Moomoo Integrates Kalshi Event Contracts as Prediction Markets Accelerate Into Retail Brokerage Platforms
Alina Collins
Futu's Moomoo is adding CFTC-regulated event contracts from Kalshi, letting users bet on Fed decisions, elections, and more alongside stocks and ETFs — a sign that prediction markets are becoming standard retail brokerage products.
What exactly is an event contract?
An event contract — a listed derivative that lets you bet on whether a specific outcome happens — trades between $0.01 and $1.00, with the price itself reflecting the market's implied probability.
In plain terms = spend a few cents on a contract; guess right and collect $1, guess wrong and lose your stake. Your cost is your maximum risk.
The first batch covers Fed rate decisions, inflation data, elections, and the 2026 FIFA World Cup — spanning macro, politics, and culture.
Why does the Moomoo + Kalshi pairing matter?
Moomoo already offers stocks, options, and ETFs.
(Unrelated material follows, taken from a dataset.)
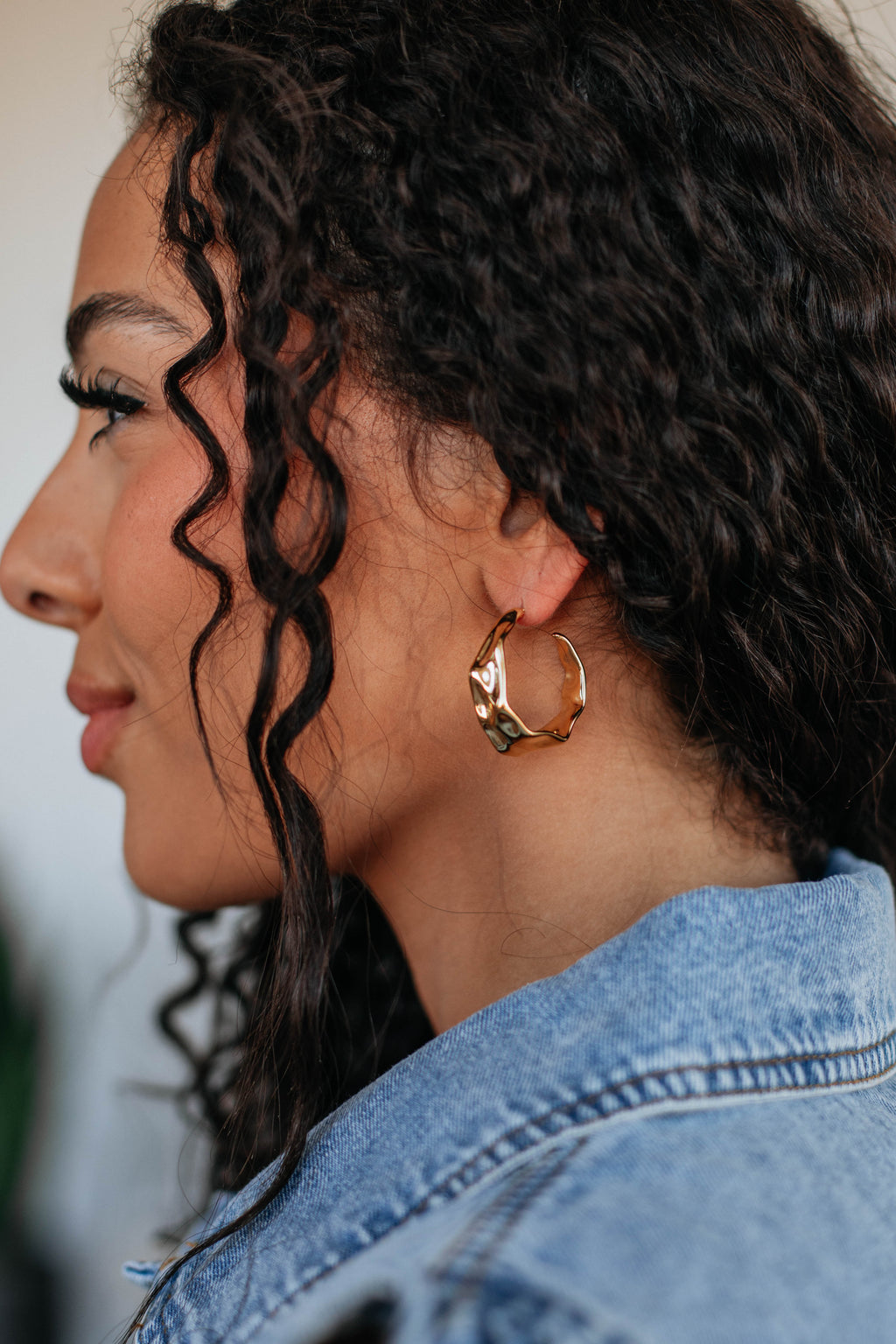 Chantly Hoop Earrings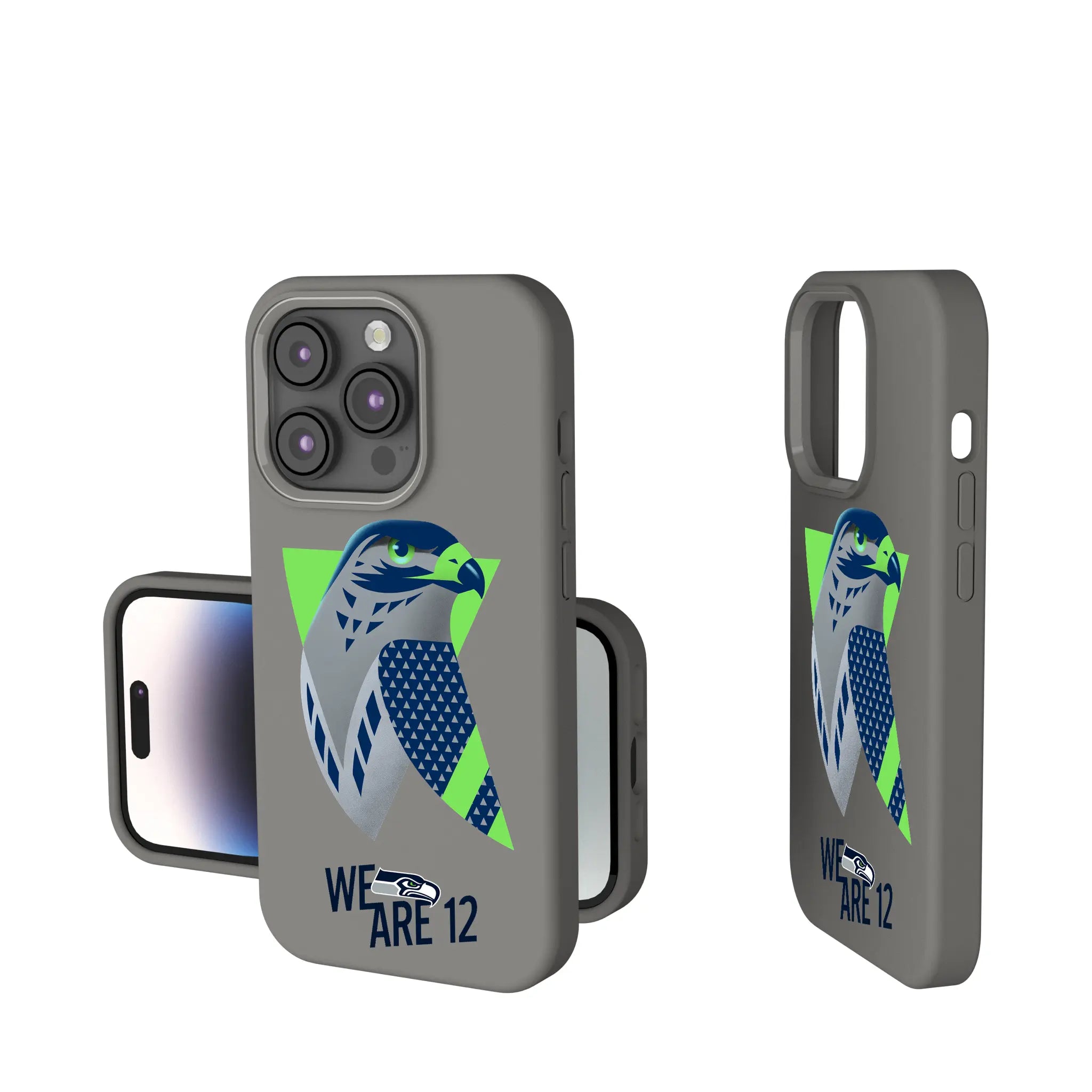 Seattle Seahawks Deco iPhone Soft Touch Phone Case for Apple iPhone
With Kalshi plugged in, event contracts sit inside the same trading interface — no new account needed.
This means → customer-acquisition costs for prediction markets drop sharply: Kalshi taps Moomoo's existing user base, while Moomoo gains a differentiated product line.
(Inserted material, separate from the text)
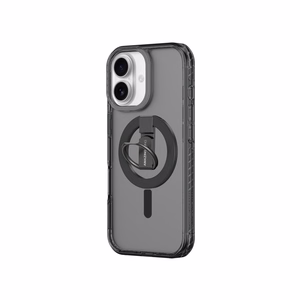 AmazingThing Titan Pro Grip Ring -sarja suojakuori iPhone 17, MagSafe-yhteensopiva - musta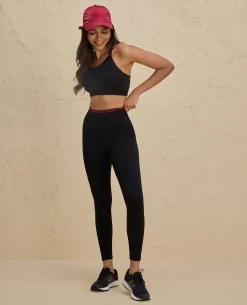 Nykd By Nykaa Seamfree Game Changer Booty Leggings -NYK406-Jet Black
Moomoo US president Nate Palmer said the focus is on "access and understanding," with educational resources launching alongside the contracts.
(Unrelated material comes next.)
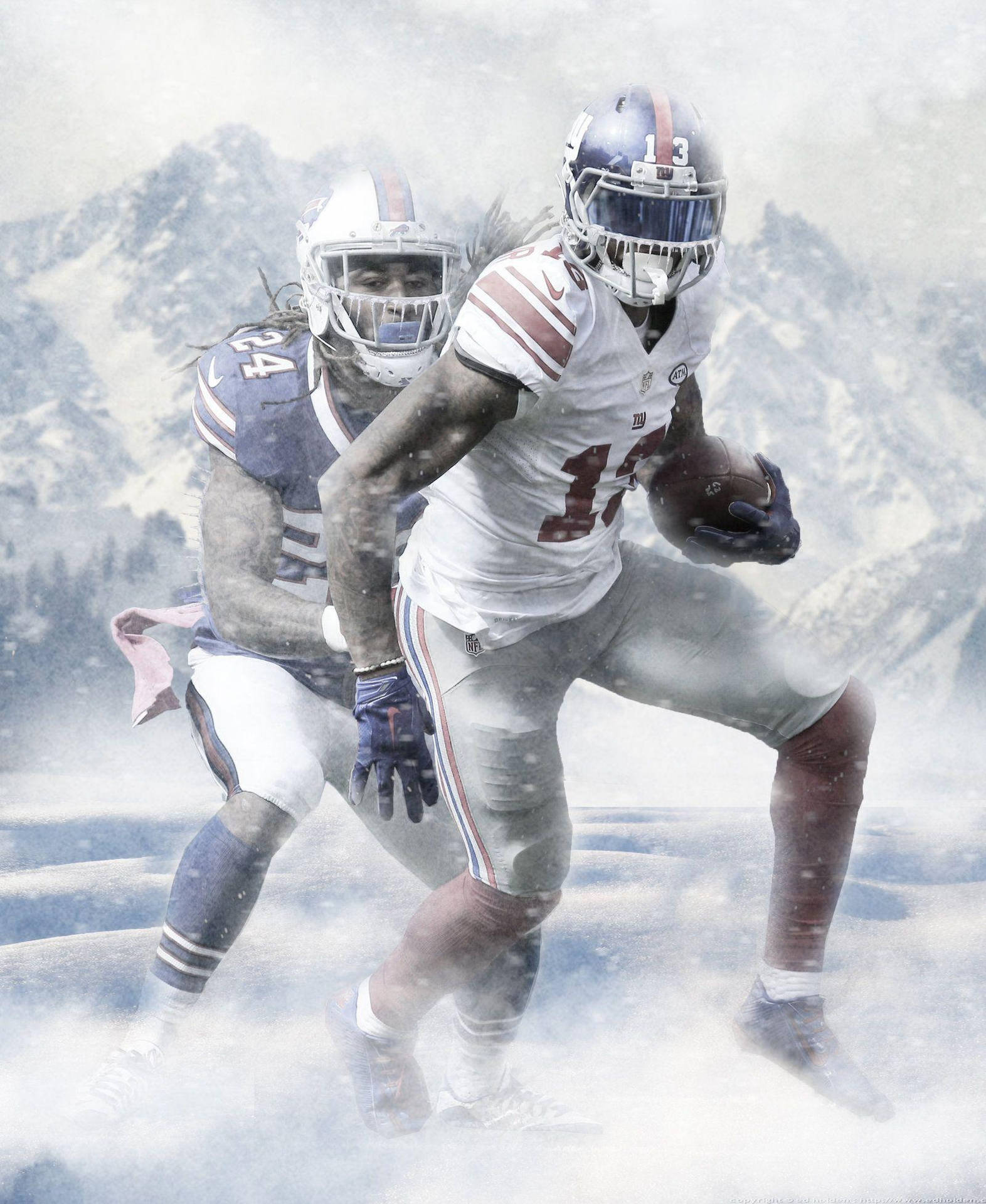 Odell 桌布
How fast is the prediction-market space growing?
Combined monthly volume on Kalshi and Polymarket jumped from under $5 billion in September 2025 to roughly $24 billion in April 2026 — nearly a 5× increase in under eight months.
This reflects a post-2024-US-election shift: prediction markets have moved from a niche forecasting tool to one of the fastest-growing categories in retail trading.
Contract types are expanding too — from politics into sports, macro data releases, and cultural events, drawing billions of dollars in new volume.
What does this mean for ordinary investors?
Event contracts use full collateral — you risk only what you put in, with no margin calls. That is far simpler than traditional options leverage.
This means → it works more like an "opinion-expression tool": if you think the Fed will cut in June, buy the contract directly — no need to express that view indirectly through stocks or options.
Moomoo recently added crypto deposits/withdrawals and an AI-investment-tool API — event contracts are the latest step in its platform expansion.
Content is for reference only, not financial advice.